[PROBLEM DESCRIPTION] The required answer is an exact copy of the lines from the one containing "Santa Muerte Felt Fabric" to the end of the listing, both included, without any pictures.

[RECORDS SHOWN]

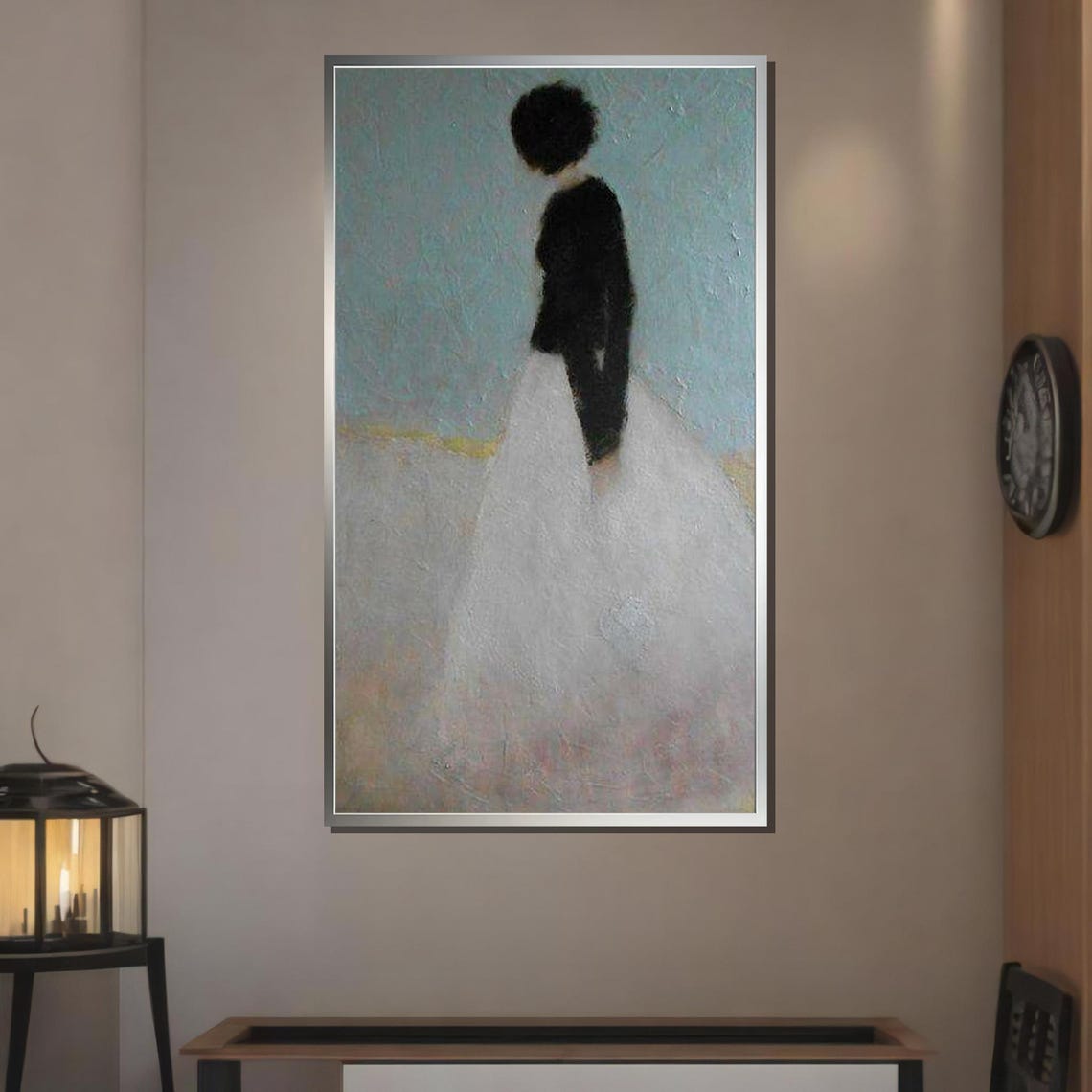 Minimalist Woman Silhouette Elegant Black White Modern Art Wall Poster - Image 3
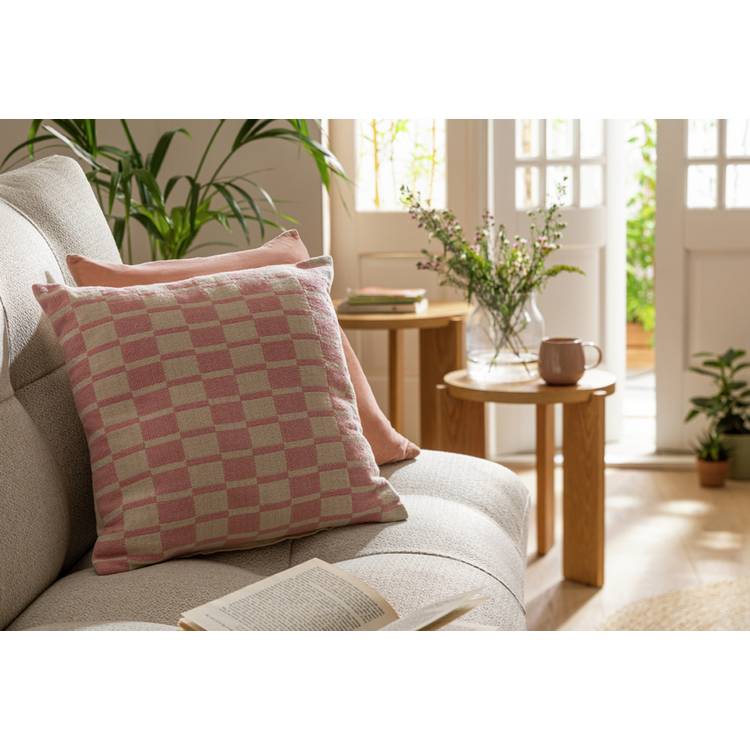 Habitat Checker Board Cushion - White & Pink - 43x43cm 0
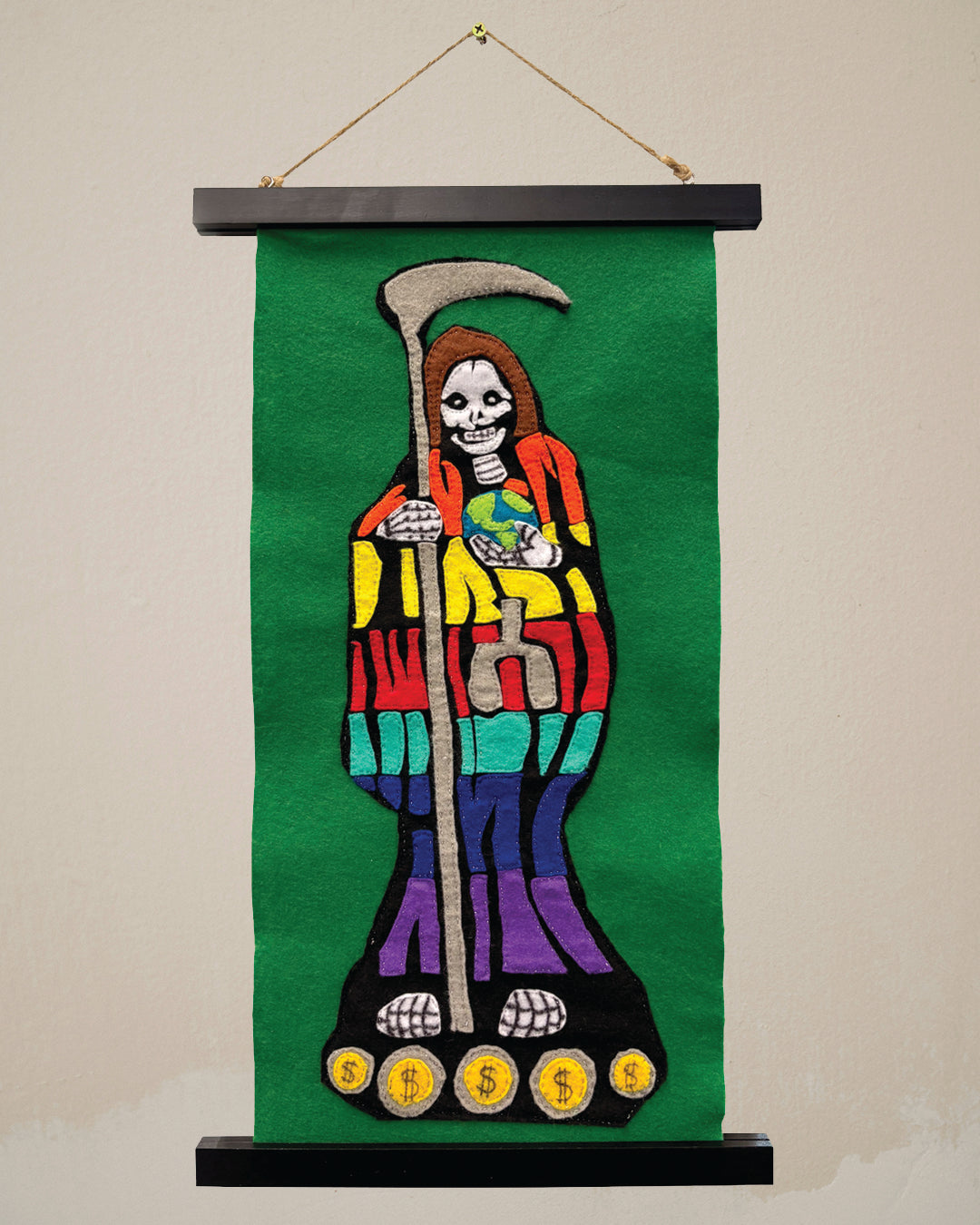 Santa Muerte Felt Fabric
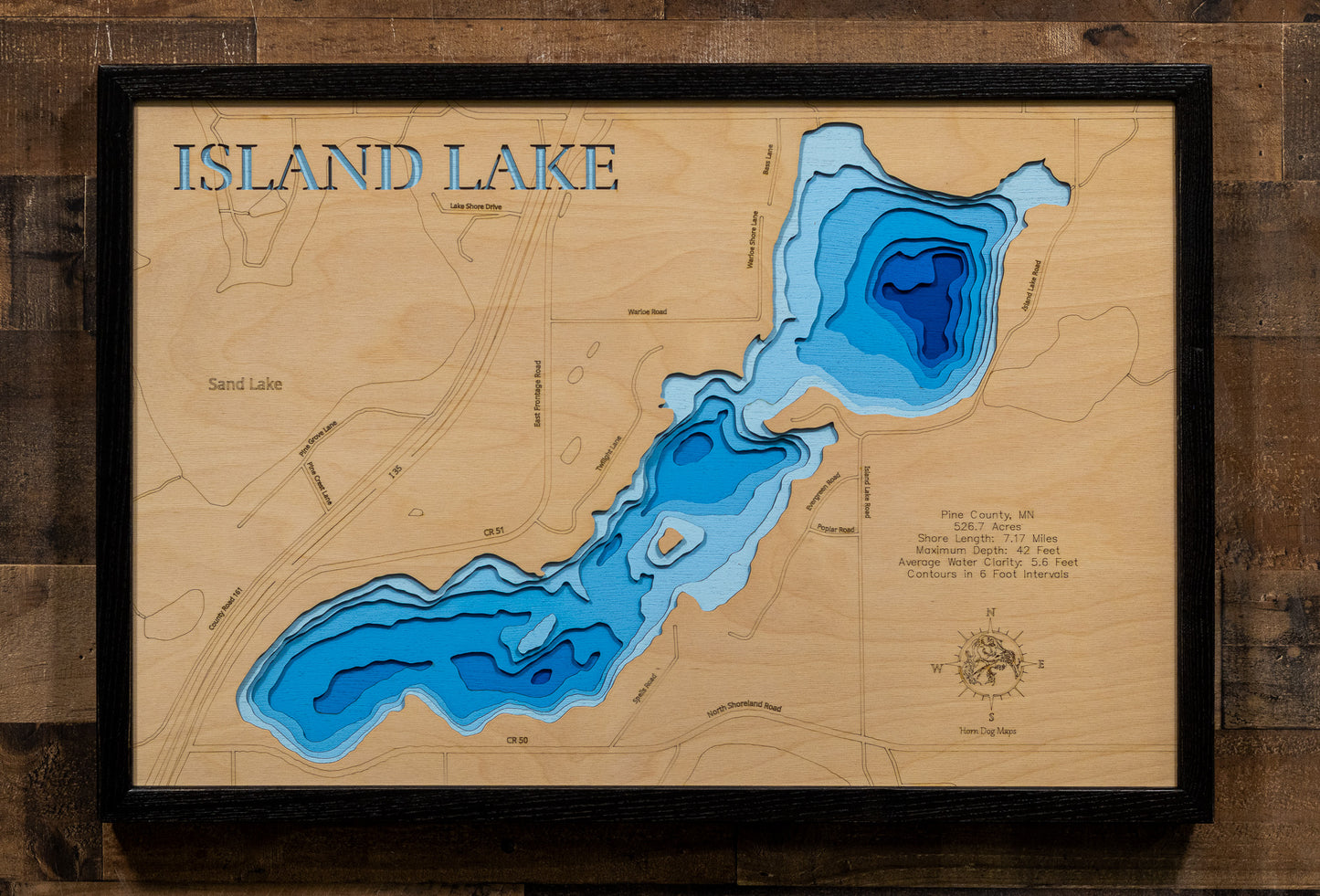 Artisanally carved wooden lake map of Island Lake in Pine County, MN, highlighting bathymetry.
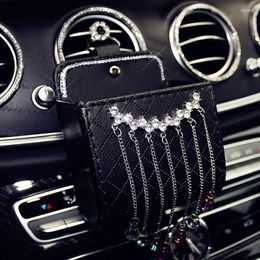 air bags auto UK - Car Organizer Leather Storage Box Crystal Diamond Auto Outlet Air Vent Glove Hanging Mobile Phone Bag Pouch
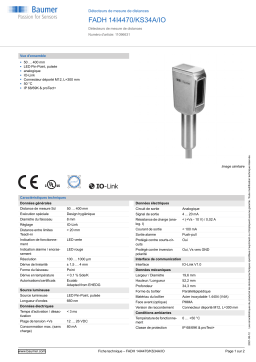 Baumer FADH 14I4470/KS34A/IO Distance sensor Fiche technique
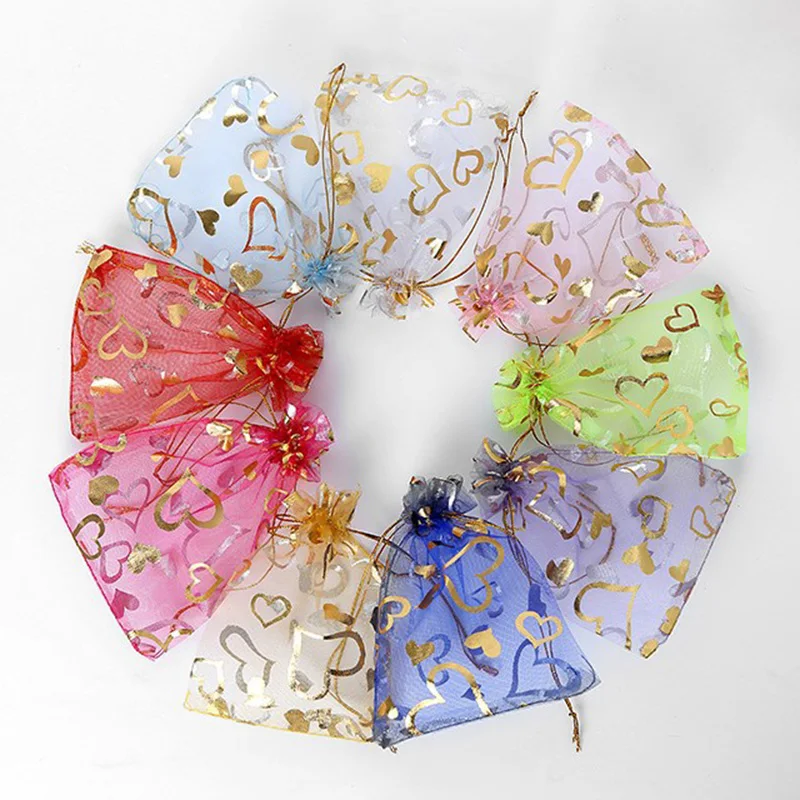 100Pcs 15x20cm 17x23cm 20x30 Gold Color Love Heart Rose Organza Bag Wedding Candy Gift Christmas Bags Jewelry Decoration Packing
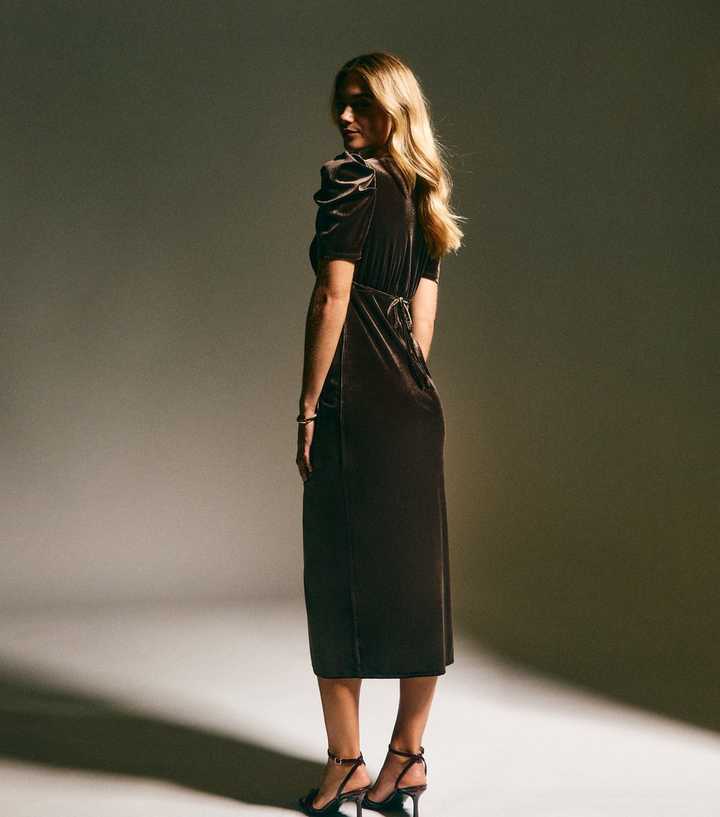 brown velvet midi dress Fay Velvet Dress - Dusty Cocoa Smocked Tier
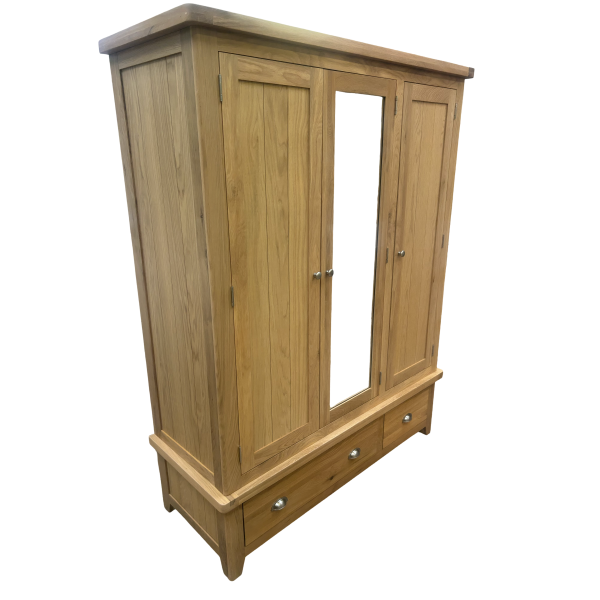 York Oak Triple Wardrobe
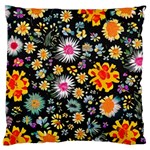 Mid Century Retro Floral 1970s 1960s Pattern 57 Standard Premium Plush Fleece Cushion Case (One Side)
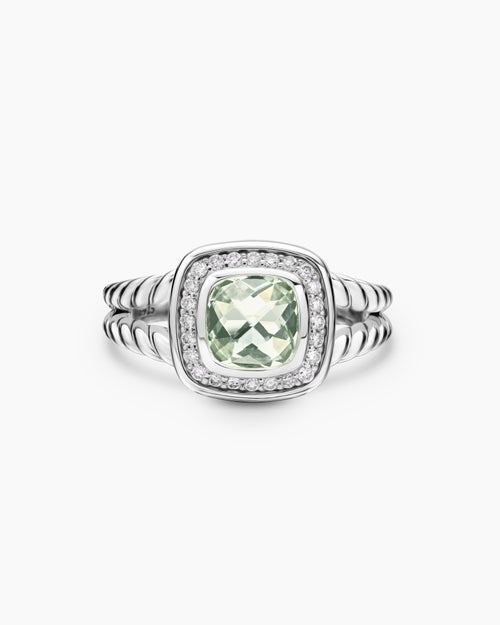 Womens Petite Albion® Ring in Sterling Silver with Prasiolite and Diamonds, 7mm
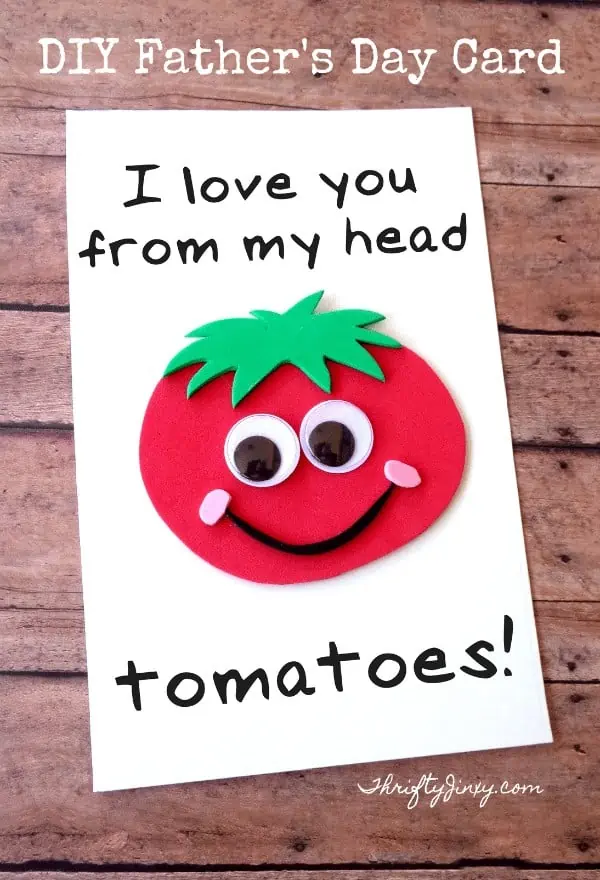 I love you from my head tomatoes cute tomato card.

[SOLUTION TO THIS PROBLEM]
 Santa Muerte Felt Fabric
 Artisanally carved wooden lake map of Island Lake in Pine County, MN, highlighting bathymetry.
 air bags auto UK - Car Organizer Leather Storage Box Crystal Diamond Auto Outlet Air Vent Glove Hanging Mobile Phone Bag Pouch
 Baumer FADH 14I4470/KS34A/IO Distance sensor Fiche technique
 100Pcs 15x20cm 17x23cm 20x30 Gold Color Love Heart Rose Organza Bag Wedding Candy Gift Christmas Bags Jewelry Decoration Packing
 brown velvet midi dress Fay Velvet Dress - Dusty Cocoa Smocked Tier
 York Oak Triple Wardrobe
 Mid Century Retro Floral 1970s 1960s Pattern 57 Standard Premium Plush Fleece Cushion Case (One Side)
 Womens Petite Albion® Ring in Sterling Silver with Prasiolite and Diamonds, 7mm
 I love you from my head tomatoes cute tomato card.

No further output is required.